Bologna, 3 aprile 2011
Renzo Arbore sta uscendo dagli uffici della direzione di Pasta Trend, è di fretta e non vuole rilasciare interviste. Gegè Telesforo, suo fidato amico e compagno di tante, tante, tante… dica tante… avventure, lo trascina via.
La domanda di Mascia Maluta, giornalista di Newsfood.com , però lo colpisce: “Renzo, tutti conoscono gli spaghetti alla chitarra ma come si fanno gli spaghetti al clarinetto? “
(in pochi istanti nella sua mente si chiede:-“Finalmente una domanda intelligente… come mai non ci ho pensato prima? … potrebbe essere un’idea per un nuovo programma gastronomico-musicale… chissà che Newsfood non possa darmi una mano -ndr: questo l’abbiamo aggiunto noi-“)

Renzo Arbore:-“… gli spaghetti al clarinetto sono ovviamente neri, neri come l’ebano del clarinetto… vi manderò la ricetta… che ho inventato adesso, visto che la creatività non mi manca…”.

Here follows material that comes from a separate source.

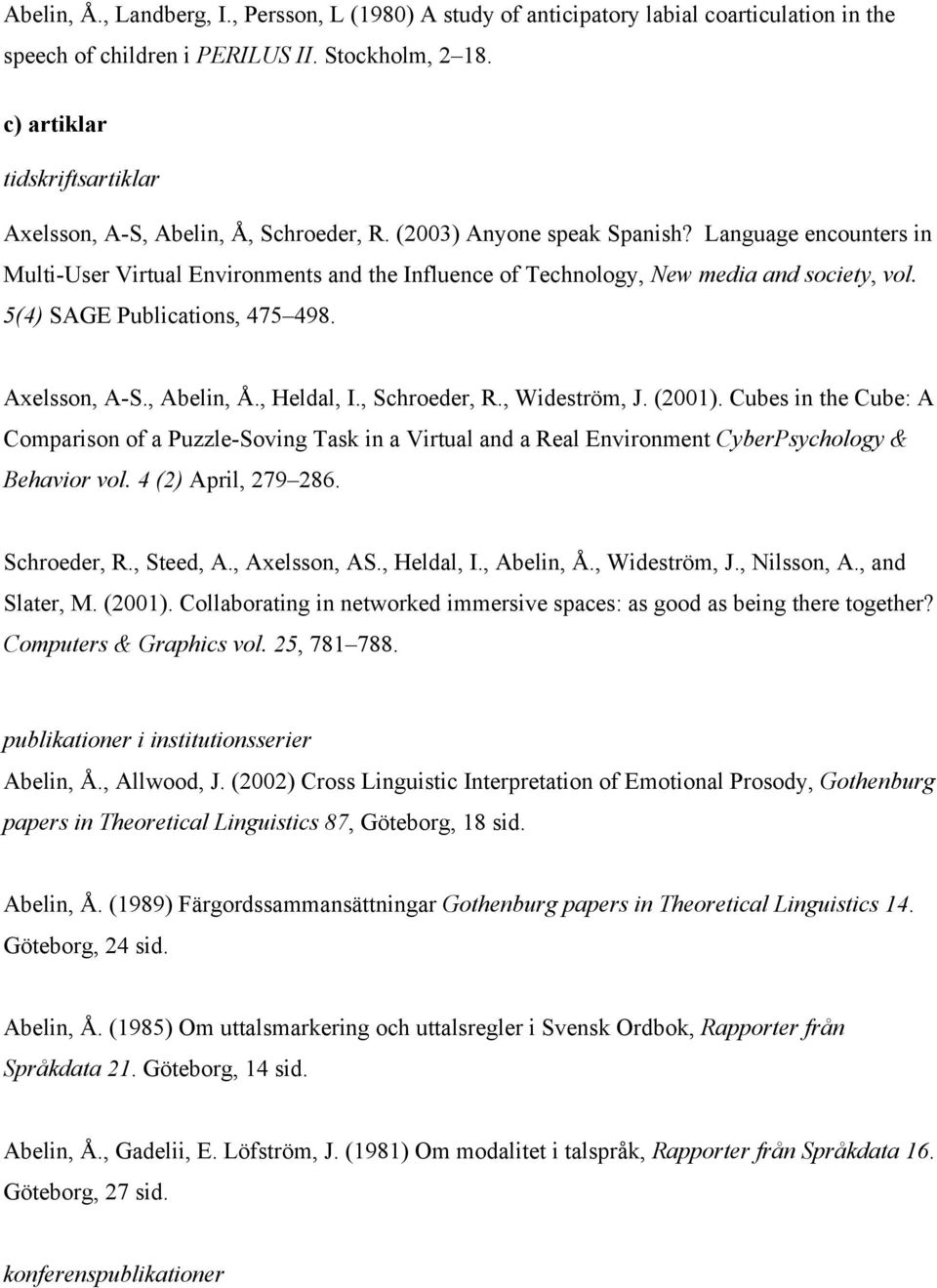 Language encounters in Multi-User Virtual Environments and the Influence of Technology, New media and society, vol. 5(4) SAGE Publications, 475 498. Axelsson, A-S., Abelin, Å., Heldal, I.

In attesa che ci invii la sua ricetta siamo andati a Foggia ed abbiamo incontrato un suo vecchio compagno del complesso jazz Parker’s Boys. E’ proprio lui che ci racconta degli spaghetti al clarinetto che preparava l’oste della storica Taverna del Gufo nel centro storico, nei pressi di Via Arpi.

La ricetta originale la sveliamo in esclusiva, in onore del 25° anniversario de “Il Clarinetto” con la quale arrivò secondo a Sanremo nel 1986.

Ecco la ricetta degli spaghetti al clarinetto di Renzo Arbore, la ricetta dell’estate per un’orchestrina di quattro elementi.

Ingredienti:
•    ½ bicchiere di vino bianco
•    1 spicchio di aglio
•    1 peperoncino fresco
•    4 lampascioni (pampasciuni o pampasciuli che sono delle cipolline selvatiche)
•    1 ciuffo di prezzemolo
•    4 cucchiai di olio extravergine di oliva
•    1/2 Melanzana nera (50 gr)
•    12  olive nere
•    1/2 bicchiere di salsa di pomodoro
•    500 grammi di spaghetti
•    500 grammi di seppioline di taglia media
•    Nero di seppia
•    Sale quanto basta
•    Pepe quanto basta

Preparazione degli spaghetti al clarinetto
Aprite il sacco delle seppie con un paio di forbici, pulite ed estraete con delicatezza le vesciche di inchiostro che mettete da parte, senza romperle. Eliminate dalle interiora la vescica marrone. Rimuovete il becco, l’osso e le cartilagini.
Lavate bene e tagliate a listerelle le seppie pulite, i tentacoli a pezzettini e tritate le interiora.

Tritate i lampascioni, il peperoncino ed i ciuffi di prezzemolo.
Tagliate a listerelle sottilissime la melanzana. Sbucciate lo spicchio d’aglio.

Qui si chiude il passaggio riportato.